WORK TASK> Word for word, output the data that follows.

*** EXCERPTED RECORDS

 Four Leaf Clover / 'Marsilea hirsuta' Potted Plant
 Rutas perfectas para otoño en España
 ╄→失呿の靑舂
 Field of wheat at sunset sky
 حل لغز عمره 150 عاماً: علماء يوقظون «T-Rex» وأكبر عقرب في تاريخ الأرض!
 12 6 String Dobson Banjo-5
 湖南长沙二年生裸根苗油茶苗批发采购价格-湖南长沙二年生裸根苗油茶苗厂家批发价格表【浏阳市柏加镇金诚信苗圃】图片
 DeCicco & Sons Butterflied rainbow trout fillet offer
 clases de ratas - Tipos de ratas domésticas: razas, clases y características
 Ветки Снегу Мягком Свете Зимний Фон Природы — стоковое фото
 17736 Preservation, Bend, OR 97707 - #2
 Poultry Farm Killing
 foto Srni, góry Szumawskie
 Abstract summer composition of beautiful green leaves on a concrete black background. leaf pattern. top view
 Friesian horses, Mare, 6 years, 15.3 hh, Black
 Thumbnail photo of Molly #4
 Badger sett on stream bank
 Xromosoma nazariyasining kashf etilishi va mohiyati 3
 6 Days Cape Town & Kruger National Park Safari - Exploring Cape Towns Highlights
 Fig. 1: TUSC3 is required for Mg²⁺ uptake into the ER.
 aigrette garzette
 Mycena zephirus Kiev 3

******

ANSWER TO THE PROBLEM>
 Four Leaf Clover / 'Marsilea hirsuta' Potted Plant
 Rutas perfectas para otoño en España
 ╄→失呿の靑舂
 Field of wheat at sunset sky
 حل لغز عمره 150 عاماً: علماء يوقظون «T-Rex» وأكبر عقرب في تاريخ الأرض!
 12 6 String Dobson Banjo-5
 湖南长沙二年生裸根苗油茶苗批发采购价格-湖南长沙二年生裸根苗油茶苗厂家批发价格表【浏阳市柏加镇金诚信苗圃】图片
 DeCicco & Sons Butterflied rainbow trout fillet offer
 clases de ratas - Tipos de ratas domésticas: razas, clases y características
 Ветки Снегу Мягком Свете Зимний Фон Природы — стоковое фото
 17736 Preservation, Bend, OR 97707 - #2
 Poultry Farm Killing
 foto Srni, góry Szumawskie
 Abstract summer composition of beautiful green leaves on a concrete black background. leaf pattern. top view
 Friesian horses, Mare, 6 years, 15.3 hh, Black
 Thumbnail photo of Molly #4
 Badger sett on stream bank
 Xromosoma nazariyasining kashf etilishi va mohiyati 3
 6 Days Cape Town & Kruger National Park Safari - Exploring Cape Towns Highlights
 Fig. 1: TUSC3 is required for Mg²⁺ uptake into the ER.
 aigrette garzette
 Mycena zephirus Kiev 3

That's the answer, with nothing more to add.